8 MPG, by its cross-claim dated 12 December 2023 (MPG cross-claim), seeks:
1. A declaration pursuant to s 21 of the Federal Court of Australia Act 1976 (Cth) (FCA Act) that the cross-respondent has breached the deed of company arrangement executed by the cross-respondent on 4 September 2020 (DOCA).
2. A declaration pursuant to s 21 of the FCA Act that the cross-respondent’s right to indemnity under the creditor indemnity dated 25 July 2023 executed by the cross-claimant in favour of the cross-respondent (Creditor Indemnity) does not crystallise until the cross-claimant’s claims in the principal proceeding have been determined.
3. A declaration pursuant to s 21 of the FCA Act that, by reason of the Creditor Indemnity, the cross-claimant is a non-associated third-party payer within the meaning of the Legal Profession Uniform Law (NSW) (LPUL).
4. In the alternative to prayer 2 above, a declaration pursuant to s 21 of the FCA Act that the cross-claimant has no obligation to pay:
(a) the sum of $1,126,418.86 sought by the cross-respondent’s demand for payment made on 3 November 2023 (Demand); or
(b) any sum sought by any further demand purportedly pursuant to the Creditor Indemnity, until the resolution of any application by the cross-claimant for the assessment of the costs the subject of the Demand or any further demand under Part 7 of the Legal Profession Uniform Law Application Act 2014 (NSW) (LPUL Application Act) and Part 4.3, Div 7 of the LPUL.
5. An order pursuant to s 23 of the FCA Act restraining the cross-respondent from:
(a) enforcing, or seeking to enforce, the Demand; and/or
(b) making any further demands purportedly pursuant to the Creditor Indemnity for the payment of costs it has incurred in these proceedings, until the cross-claimant’s amended originating application filed in these proceedings on 26 July 2023 has been determined.

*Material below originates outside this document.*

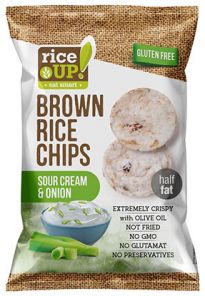 RICE UP Brown Rice Chips SMETANA S CIBULÍ60g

6. In the alternative to prayer 5 above, an order pursuant to s 23 of the FCA Act restraining the cross-respondent from:
(a) enforcing, or seeking to enforce, the Demand; and/or
(b) enforcing, or seeking to enforce, any further demands purportedly pursuant to the Creditor Indemnity for the payment of costs it has incurred in these proceedings, until any application by the cross-claimant for the assessment of costs of any demand under Part 7 of the LPUL Application Act and Part 4.3, Div 7 of the LPUL has been finally resolved.
7. Costs.
8. Such further or other orders as the Court sees fit.
9 What has become evident today is that there is a logic in determining whether MPG’s construction of the directors and officers insurance policy (policy) by which the fourth respondent, Liberty Mutual Insurance Company Australia (Liberty) provided cover to VAH, as it relates to “Defence Costs” (as defined in cl 7.5 of the DOCA) (defence costs), is correct.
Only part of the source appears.